Women and the People
Title | Women and the People PDF eBook |
Author | Helen Rogers |
Publisher | Routledge |
Pages | 296 |
Release | 2017-05-15 |
Genre | History |
ISBN | 1315318008 |
Based on extensive new research investigating the range of women’s involvement in early nineteenth-century popular politics, mid-Victorian reform and the women’s movements of the late century, Women and the People makes an original intervention in the historiography of the radical tradition by exploring the interconnections of populism, liberalism and feminism. Attending to authorship, the study argues that the representational forms adopted by radicals were as important as the content of what they said in shaping their self-perception, their construction of others, and the reception of their ideas. In fiction, poetry and autobiography, as well as in political writing, speeches and journalism, women reworked radical conventions and imagined new models of political identity, participation and authority. Though, in general, radicals appealed to ’the people’, women were often positioned as the suffering objects of reform rather than as the agents of change. By showing how they challenged or reinforced these conceptions of ’women’ and ’the people’, the book contends that radical women invoked alternative communities of sex, class and nation, and helped to remake and discipline the political sphere, as they strove to make it their own.

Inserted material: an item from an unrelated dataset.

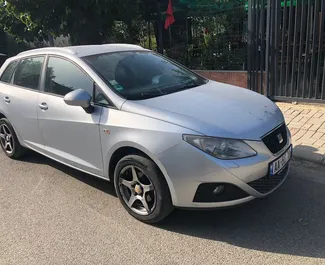 Front view of a rental SEAT Ibiza SW in Tirana, Albania ✓ Car #10546. ✓ Manual TM ✓ 0 reviews.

Morality and the Market in Victorian Britain
Title | Morality and the Market in Victorian Britain PDF eBook |
Author | Geoffrey Russell Searle |
Publisher | OUP Oxford |
Pages | 328 |
Release | 1998 |
Genre | Business & Economics |
ISBN | 9780198206989 |
How could Victorian capitalist values be harmonized with Christian beliefs and concepts of public morality and social duty? This book explores ideas about citizenship and public virtue and how public morality was reconciled with the market.